* Source material

--- --- ---

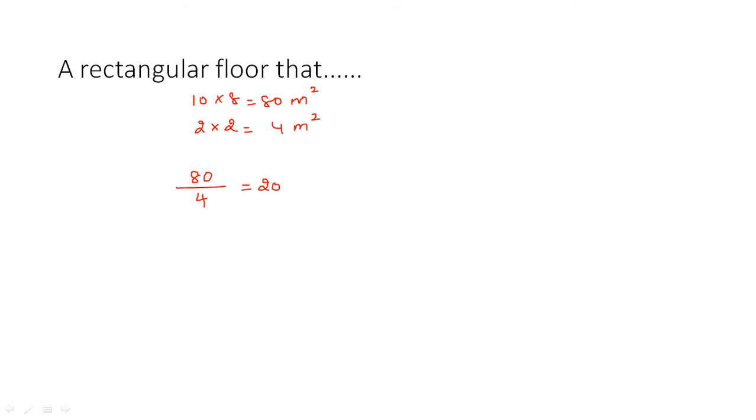We need 20 square-shaped carpets to cover the rectangular floor, and the cost of each carpet piece is 12 dollars. So the total cost would be 12 × 20, that is 240 dollars.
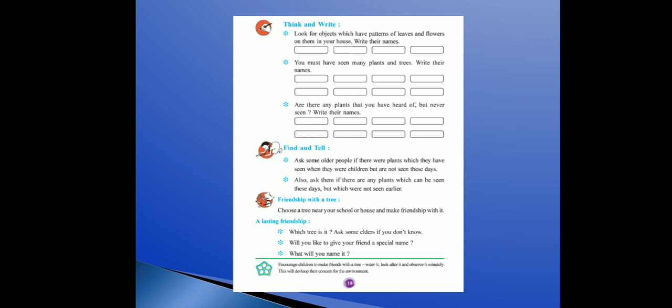Next — find and tell. Ask some older people if there were plants which they have seen when they were children but are not seen these days. Aapko aapse bade buzurg logo se poochna hai ki jab wo chhote the tab unhone aise plants dekhe the jo aaj nahi hain. Also ask them: are there any plants which can be seen these days but which were not seen earlier? Earlier means pehle nahi dekha.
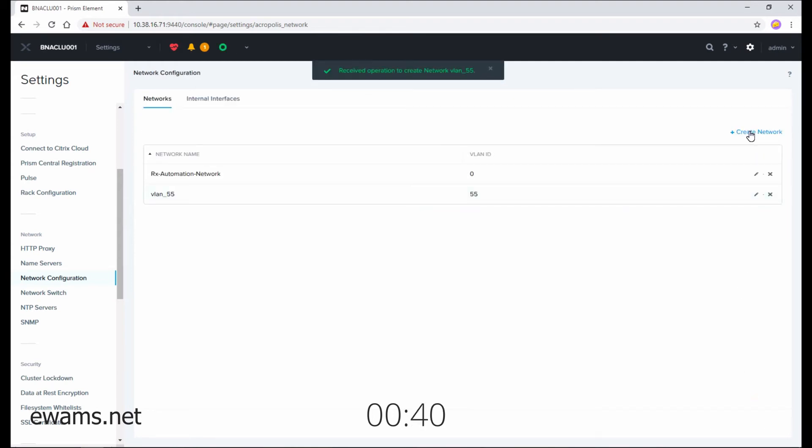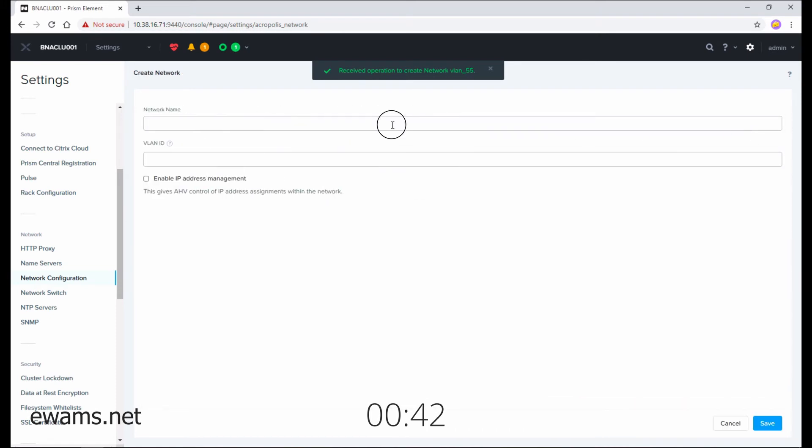If you want to create another one, select create network, give the network a name, and type in the VLAN ID again and hit save.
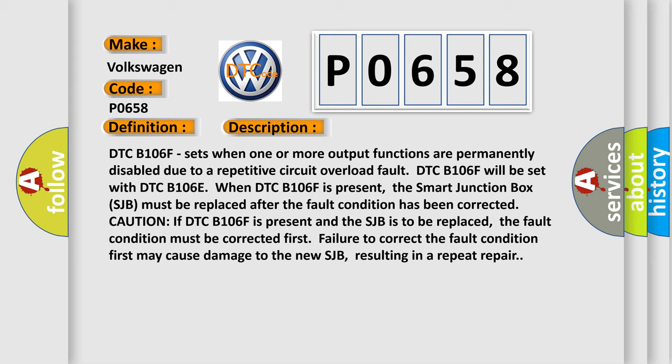The smart junction box SJB must be replaced after the fault condition has been corrected. If DTC B106F is present and the SJB is to be replaced, the fault condition must be corrected first. Failure to correct the fault condition first may cause damage to the new SJB, resulting in a repeat repair.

--- --- ---

* What you need to do
Each line from the one with "Next — find" to the last line of the listing should be returned exactly, both ends included, and no picture with them.

* Task output
Next — find and tell. Ask some older people if there were plants which they have seen when they were children but are not seen these days. Aapko aapse bade buzurg logo se poochna hai ki jab wo chhote the tab unhone aise plants dekhe the jo aaj nahi hain. Also ask them: are there any plants which can be seen these days but which were not seen earlier? Earlier means pehle nahi dekha.
If you want to create another one, select create network, give the network a name, and type in the VLAN ID again and hit save.
The smart junction box SJB must be replaced after the fault condition has been corrected. If DTC B106F is present and the SJB is to be replaced, the fault condition must be corrected first. Failure to correct the fault condition first may cause damage to the new SJB, resulting in a repeat repair.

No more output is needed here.